All in all, investors seemed relieved. The betting is that Yellen will win easy confirmation. Not only did the major averages move higher, but the Dow Jones Transportation Average closed at a new high. Home building stocks jumped, with the iShares US Home Construction exchange-traded fund ITB ending up 2.4 percent to $22.66, its best performance since October 22.
The ETF is up 7.1 percent this year. It had been up as much as 22.9 percent before talk of the Fed's tapering bond buying wiped out the gain. The ETF is up 9.6 percent since bottoming in mid-August.
There were some downsides to the markets' reaction to the Yellen love fest.
• The Russell 2000 small-cap index was lower on the day, continuing a pattern of relative weakness since September. The index is up one percent for the month, compared with 2.1 percent and 1.94 percent gains for the Dow and S&P 500, respectively.
• The rally could have been much bigger. But disappointment with earnings and guidance from Cisco Systems CSCO weighed on the market. Cisco's 11 percent decline to $21.37 subtracted nearly 17 points from the Dow.
• Savers won't be getting much relief any time soon.
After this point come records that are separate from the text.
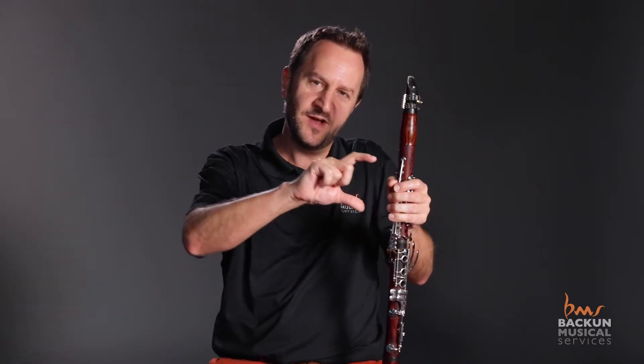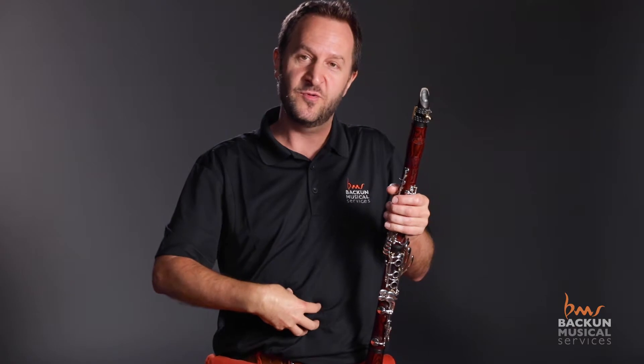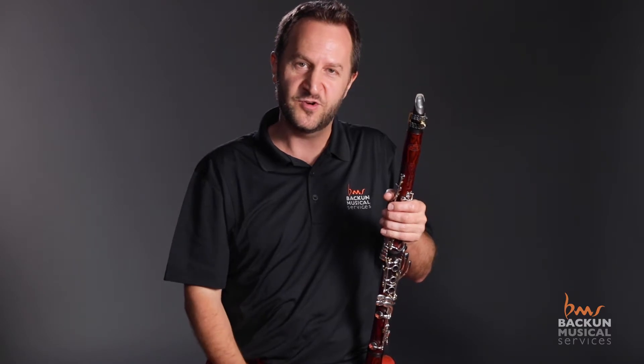One thing I find a lot of students have problems with is making the crescendo and the decrescendo even. Often we go up nice and evenly and it's quite nice, but then on the way down it's like coming down a really steep mountain, because we don't have the control in our muscles as we go down. So make sure that your decrescendo is as controlled as your crescendo.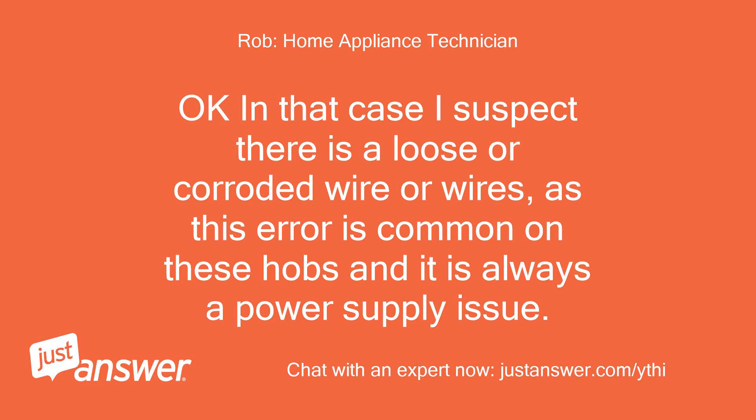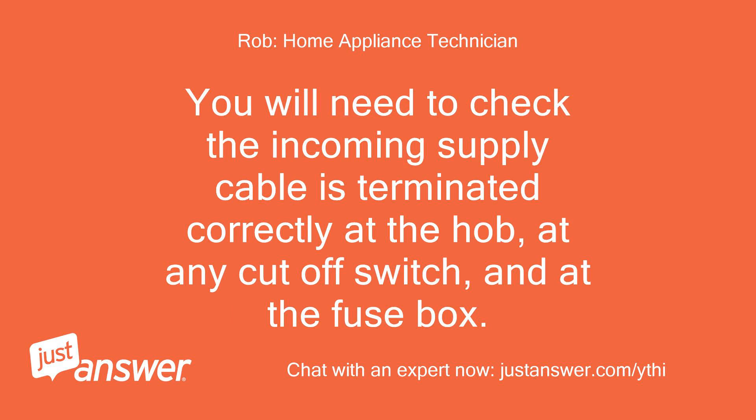Okay, in that case I suspect there is a loose or corroded wire or wires, as this error is common on these hobs and it is always a power supply issue. You will need to check the incoming supply cable is terminated correctly at the hob, at any cut-off switch, and at the fuse box. Somewhere there is a loose connection.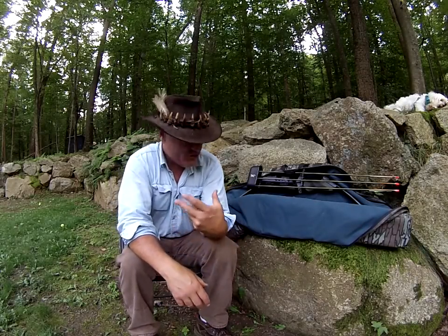Howdy, howdy. Well, bow season starts this Saturday, so I thought I'd share something pretty cool with you.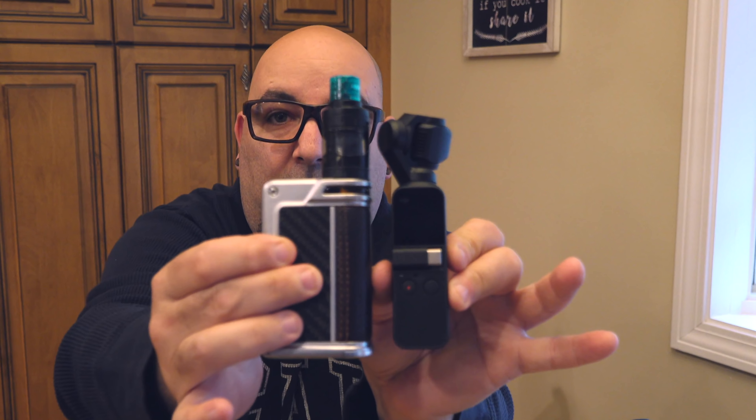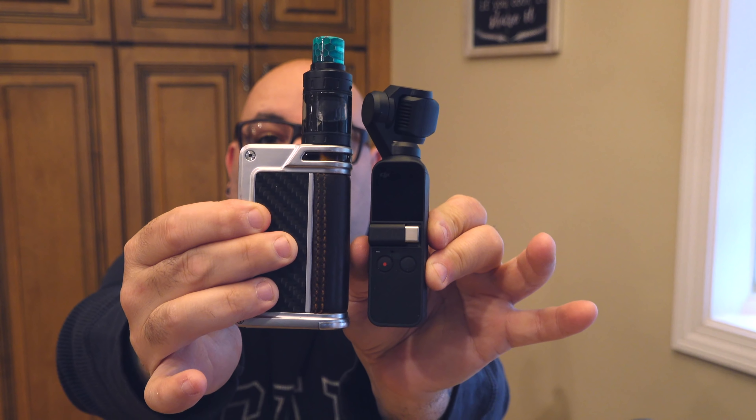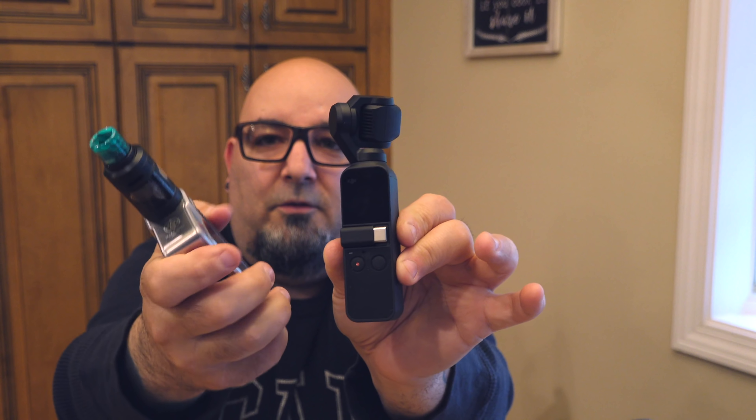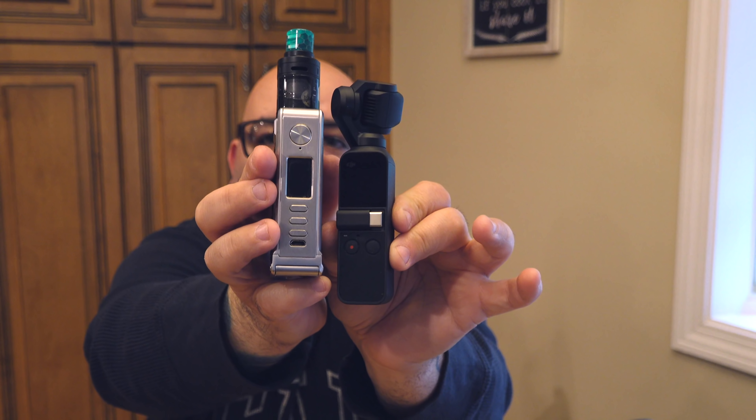Let's put this into perspective. Here's the DJI Osmo Pocket. Here's my vape — this thing is smaller than my vape. Really taking in the size of this thing, it is tiny. You have no idea how tiny this is until you get it in your hand.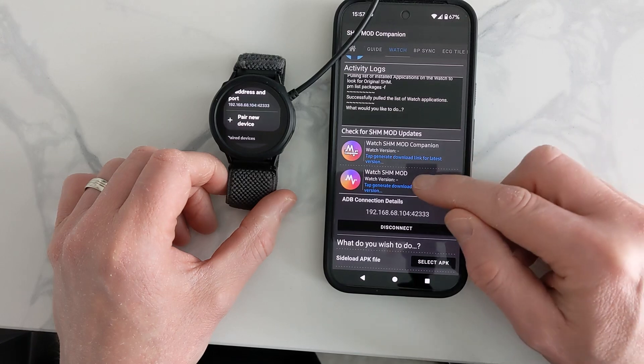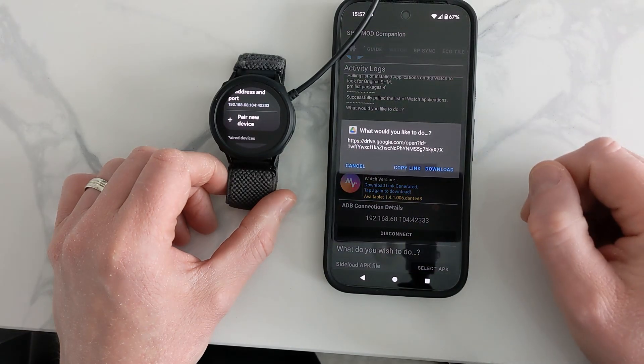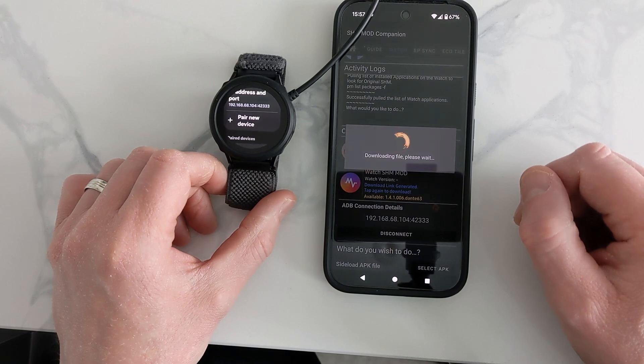Now we need to get the app for the watch. We need to download it to our phone and then send it to the watch. Click this option, then click the download button, and let it download.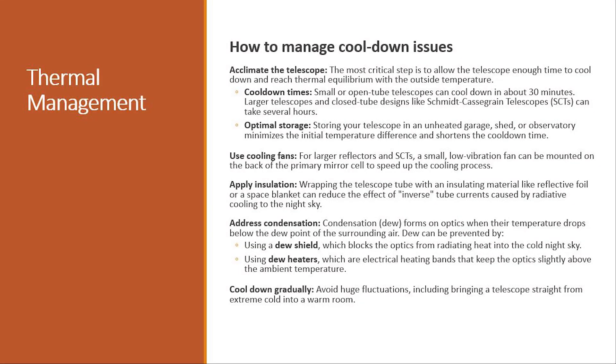If you've got a small telescope like a refractor, that cool down could be a matter of minutes. If you have a large telescope with a closed tube design like the SCT, this can take several hours. But we can take active steps to minimize the time it takes.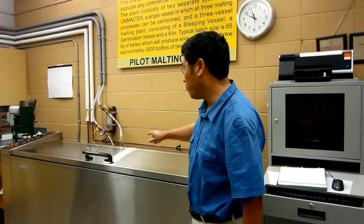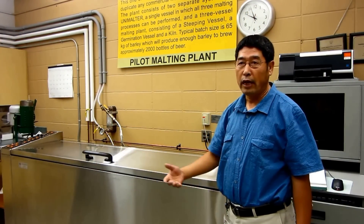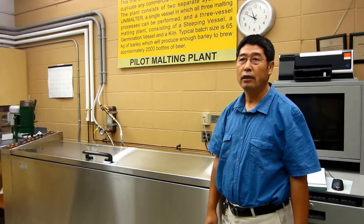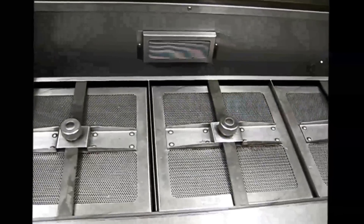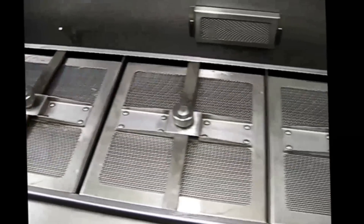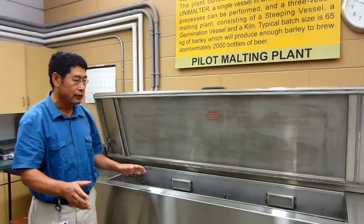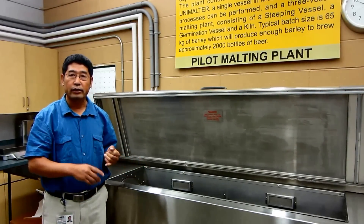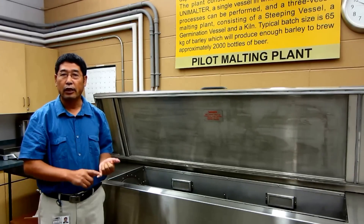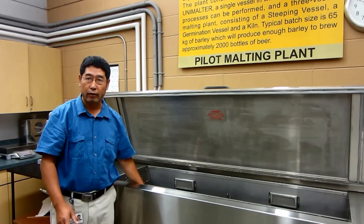Here is our micromalting unit. It can handle anywhere from 10 to 20 samples, depending on the sample size and the testing purpose. This unit is specially designed so that all the major steps for malting — steeping, germination, and kilning — can all be completed within the same unit.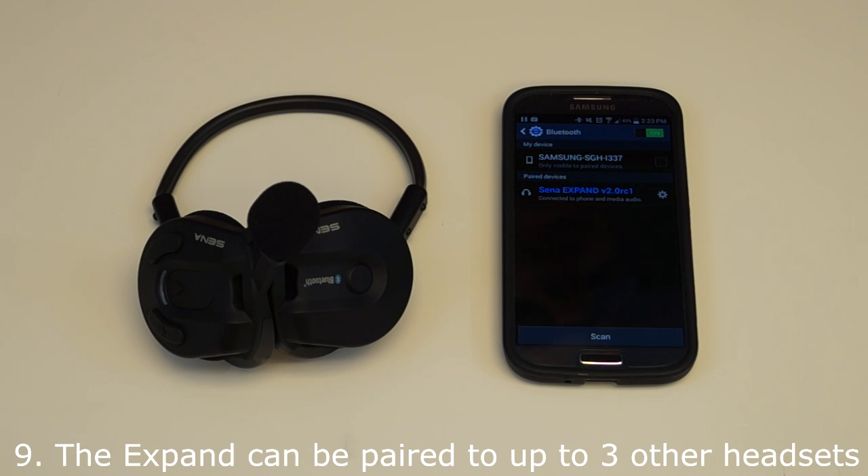Finally, the X-Band can be paired up to 3 other Senna headsets for a 4-way intercom conversation. To pair the X-Band to more than one X-Band headset, please refer to the user's guide.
The recovery is more important to Yellen. What that means essentially is this: The Fed wants you to buy stocks. The Fed wants corporate America to invest, not horde cash.
Lastly, the market's surge in the last week is pushing the major averages closer to overbought levels.
The relative strength indexes for the Dow, S&P 500 and Nasdaq ended the day at 65.8, 66.2 and 63.8, respectively. A reading of 70 suggests a market is overbought.
The Dow is trading 5.9 percent above its simple 200-day moving averages, with the S&P 500 up 9.45 percent over its 200-day average, the highest level since mid-August. The Nasdaq finished the day trading 13.3 percent above its 200-day moving average. That's high, but it was 14.3 percent in mid-October.

Loading...
Loading...
Market News and Data brought to you by Benzinga APIs
Posted In: NewsBondsEventsEconomicsFederal ReserveAfter-Hours CenterMarketsDow JonesFederal ReserveJanet Yellens
Benzinga simplifies the market for smarter investing

Trade confidently with insights and alerts from analyst ratings, free reports and breaking news that affects the stocks you care about.

Join Now: Free!

Loading...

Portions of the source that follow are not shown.